Mar 022014
 

Original story by Damon Cronshaw, Newcastle Herald

 LAKE Macquarie fishos have hit the roof after the NSW government snubbed them over a planned artificial fishing reef off the coast.

GUTTED: Jason Nunn had hoped Lake Macquarie would get an artificial fishing reef. Photo: Brock Perks

GUTTED: Jason Nunn had hoped Lake Macquarie would get an artificial fishing reef. Photo: Brock Perks

‘‘We’ve been stiffed,’’ Jason Nunn, of Fisherman’s Warehouse at Marks Point, said.

NSW Primary Industries Minister Katrina Hodgkinson announced that a  $900,000 offshore artificial reef would be built off the coast of Port Macquarie.

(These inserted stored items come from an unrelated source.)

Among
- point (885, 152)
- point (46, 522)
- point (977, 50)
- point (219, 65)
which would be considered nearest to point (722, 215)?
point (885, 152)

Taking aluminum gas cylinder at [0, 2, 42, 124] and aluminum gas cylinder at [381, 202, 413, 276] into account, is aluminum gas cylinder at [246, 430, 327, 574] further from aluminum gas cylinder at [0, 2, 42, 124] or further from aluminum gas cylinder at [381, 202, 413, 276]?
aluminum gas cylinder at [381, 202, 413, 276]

Fishermen said the government had promised Lake Macquarie would get the next reef and the decision appeared to be political.

‘‘How ridiculous to take it to Port Macquarie,’’ Mr Nunn said.

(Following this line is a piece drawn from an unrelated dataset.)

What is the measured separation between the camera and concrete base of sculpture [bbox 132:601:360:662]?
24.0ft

‘‘Port Macquarie has a lot of reef structures within its inshore grounds as it is.

‘‘The whole idea is to create habitat, not to put habitat where it already is.’’

He said the coast from Redhead to Swansea had ‘‘a lot of sand’’.

‘‘For years we’ve copped it sweet with the giant anchors of coal ships grinding our reefs to a pulp,’’ he said.

‘‘We’ve lost a lot of habitat this way and it would have been a great thing to put that back.’’

In 2010, the former Labor government said reefs were planned off the coasts of Lake Macquarie, Sydney and the south coast to improve recreational fishing.

Reefs were built off Vaucluse and Shoalhaven, but Lake Macquarie missed out.

Fishos said the Coalition government had made promises the Lake Macquarie plan would proceed, but the minister said a north coast site had been the target since the 2011 election.

The Lake Macquarie plan involved installing on the seabed – 3.6kilometres off Blacksmiths Beach – four 12-metre high artificial reefs made of steel.

Swansea MP Garry Edwards said he had never been lobbied on the matter.

‘‘If somebody had bothered to speak to me about it maybe I could have intervened,’’ Mr Edwards said.

Ms Hodgkinson said the offshore artificial reef program, funded through fishing fees, had been ‘‘enormously successful and is expected to continue in future’’.

She said the Department of Primary Industries had deployed the first purpose-built artificial reef inside Lake Macquarie in 2005, which was expanded in 2007.

However, this was a separate program for artificial reefs in estuaries.

The minister said  ‘‘two fish aggregating devices’’ were deployed off Swansea and Newcastle Harbour each year, leading to ‘‘terrific recreational fishing opportunities’’.